Legal Provision and Obligations for a company with respect to Securities issues by Private Placement
Summary: This Article outlines the legal framework governing private placement under Section 42 of the Companies Act, 2013 read with Rule 14 of the Companies (Prospectus and Allotment of Securities) Rules, 2014. It defines private placement as an offer of securities to a select group of persons, with the number of offerees generally not exceeding 200 for each kind of security, excluding qualified institutional buyers and eligible employees under ESOPs. It specifies eligible securities, subscription procedures, banking requirements, maintenance of records, and the requirement to keep subscription money in a separate scheduled commercial bank account until allotment or refund. It states that funds raised through private placement cannot be utilised until allotment is made and Form PAS-3 is filed with the Registrar. The content also covers restrictions on fresh offers, timelines for allotment, refund and interest, penalties for failure to file the return of allotment, the requirement of a special resolution and explanatory statement in specified cases, exemptions for certain non-convertible debenture issues and QIB allotments, and procedural requirements relating to PAS-4, PAS-5, MGT-14, and filing of board or special resolutions.

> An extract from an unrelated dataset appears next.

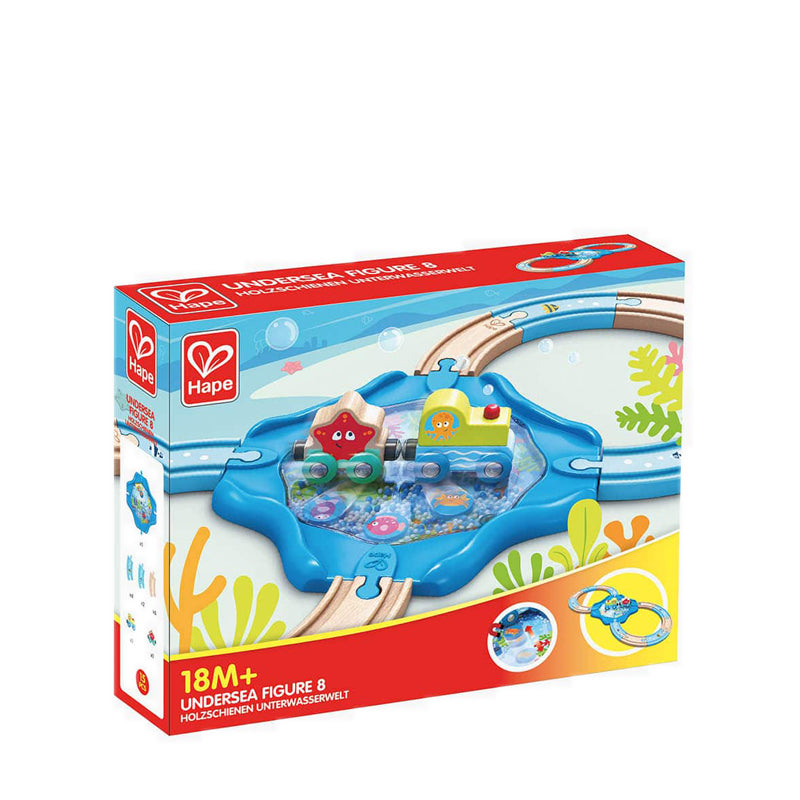 HAPE UNDERSEA FIGURE 8 - HPAE3827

Legal Framework: Section 42 read with Rule 14 of the Companies Act 2013.
1. Private Placement” means any offer or invitation to subscribe or issue of securities to a select group of persons by a company (other than by way of public offer) through a private placement offer-cum-application.
2. Person shall not exceed 200 {excluding QIBs and Employees of the company under the scheme, of the employee stock option under section 62 (1) (b)}.

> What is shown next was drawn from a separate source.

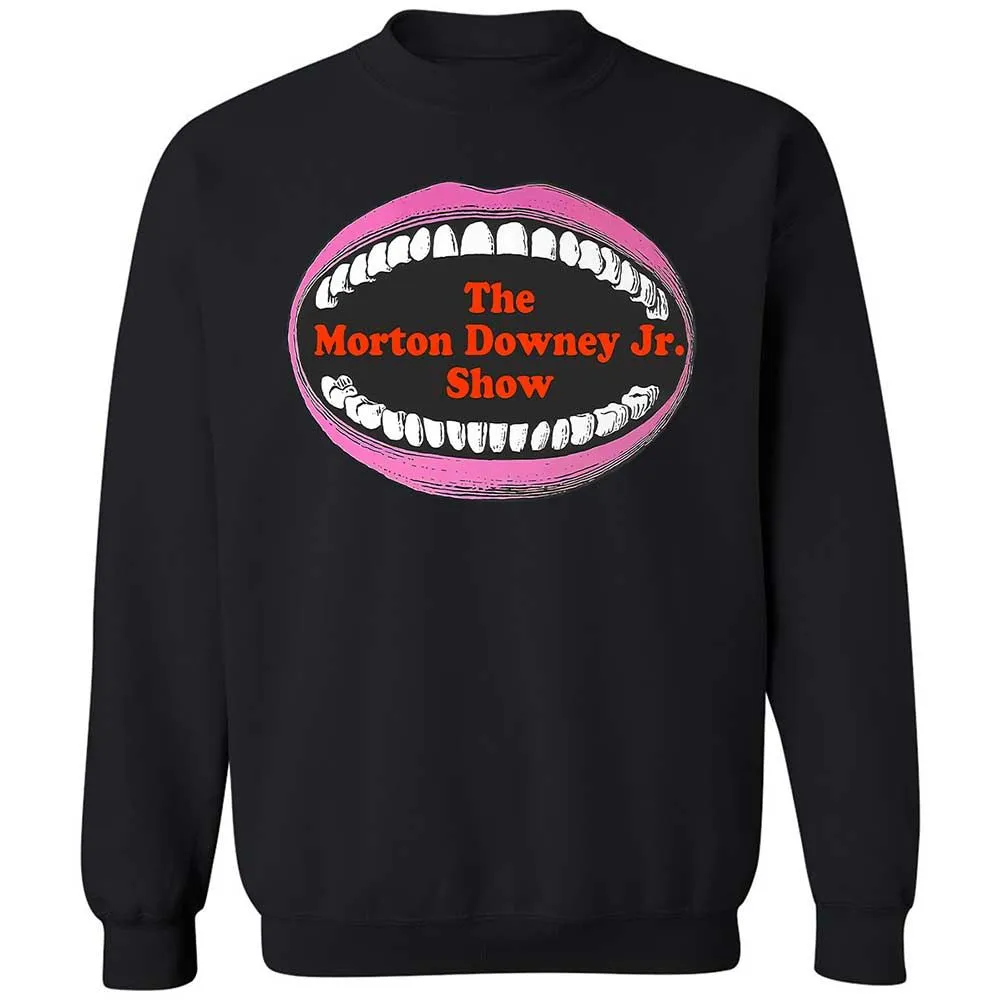 The Morton Downey Jr Show - Black - 14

Restrictions aforesaid would be reckoned individually for each kind of security.
Not applicable to the below companies, if they are complying with regulations made by the Reserve Bank of India or the National Housing Bank in respect of offer or invitation to be issued on a private placement basis:
1. NBFC registered with RBI.
2. Housing Finance Company registered under the National Housing Bank Act.
2. Definition: Securities” include
1. Shares, scrips, stocks, bonds, debentures, debenture stock, or other marketable securities of a like nature in or of any incorporated company or other body corporate
2. Derivative
3. Units or any other instrument issued by any collective investment scheme to the investors in such schemes
4. Security receipt as defined in clause (zg) of section 2 of the Securitisation and Reconstruction of Financial Assets and Enforcement of Security Interest Act, 2002
5. Units or any other such instrument issued to the investors under any mutual fund scheme
6. Government securities
7. Rights or interest in securities
8. The Board of Directors decides the identified persons who are eligible to subscribe to the security, and only such persons may apply in the private placement offer-cum-application, along with subscription money
9. Subscription money paid either by cheque, demand draft, or other banking channel, and not by cash
In case of subscription money through a bank account:
Subscription money shall be received from the subscriber’s bank account, and the company shall maintain the records of the same.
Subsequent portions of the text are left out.